When showing some more complex examples in Python, an instructor can get sidetracked often while presenting to share a little snippet that wasn't part of the prepared material (e.g. the calendar library in Python for getting the number of days in a month). Due to time pressure, there seems to be a bit of tension between doing a more traditional lecture versus a cookbook style presentation. What should the balance be between the two? Do students learn better with either style?

We could have probably done a better job keeping up with the EtherPad, but it was tough to always check the chat while trying to help people. It may be an idea to have a dedicated helper to monitor the chat area at larger bootcamps.

Many attendees decided to use the Software Carpentry-customised Virtual Machine. This removed a lot of the headache related to installation issues on the learner's laptops. But that ease of use at the bootcamp came at a price.

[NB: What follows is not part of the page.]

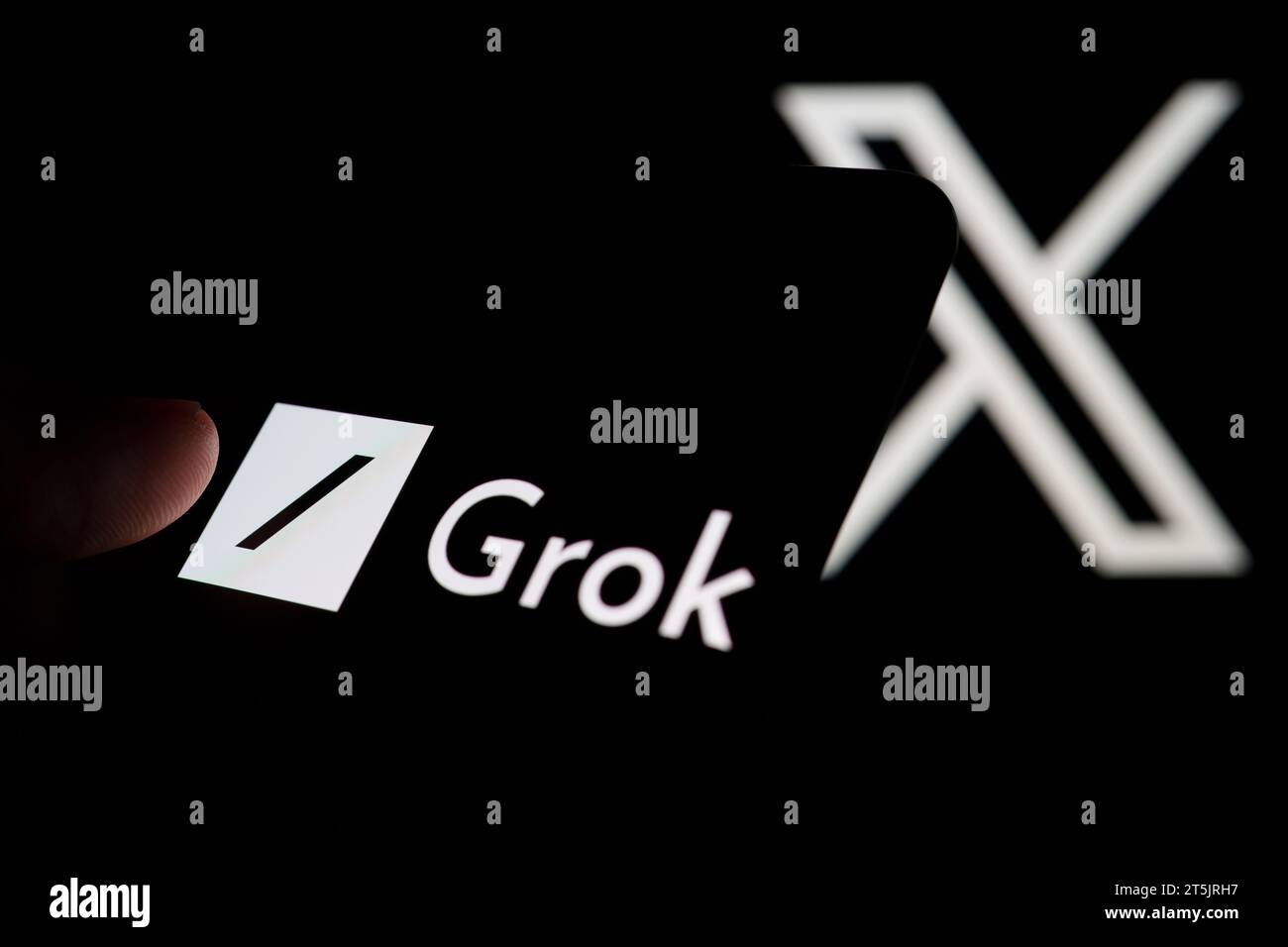 Grok AI chatbot logo seen on smartphone screen and finger pointing at it. Grok is a new chat bot for X platform. Stafford, United Kingdom, November 5, Stock Photo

Shortly after the bootcamp, one of the participants got in touch saying that he was struggling to apply what he learnt to his research. He didn't know how to get the tools that were available on the VM to work on his very own machine. This issue of transferring skills and tools from the VMs to the learner's laptops and desktops has been a recurring discussion topic at Software Carpentry. There doesn't seem to be a silver bullet solution to it.

The bootcamp finished with a module on Scientific Python during which Mike Hansen demonstrated use of pandas - Python Data Analysis Library. Mike used weather data as an example, and the attendees found this module really useful. On one hand, the example was simple and intuitive enough for everyone to understand it. On the other hand, the data allowed for fairly advanced manipulations which helped to show panda's abilities.

In the final feedback one of the participants said "Best part was getting stuck, then putting up the sticky note and having someone rush over to help get me unstuck . If only sticky notes worked remotely when I'm stuck in my basement office where no one can hear you scream."

Certainly Software Carpentry helps many scientists and the above statement proves that more of that help is needed.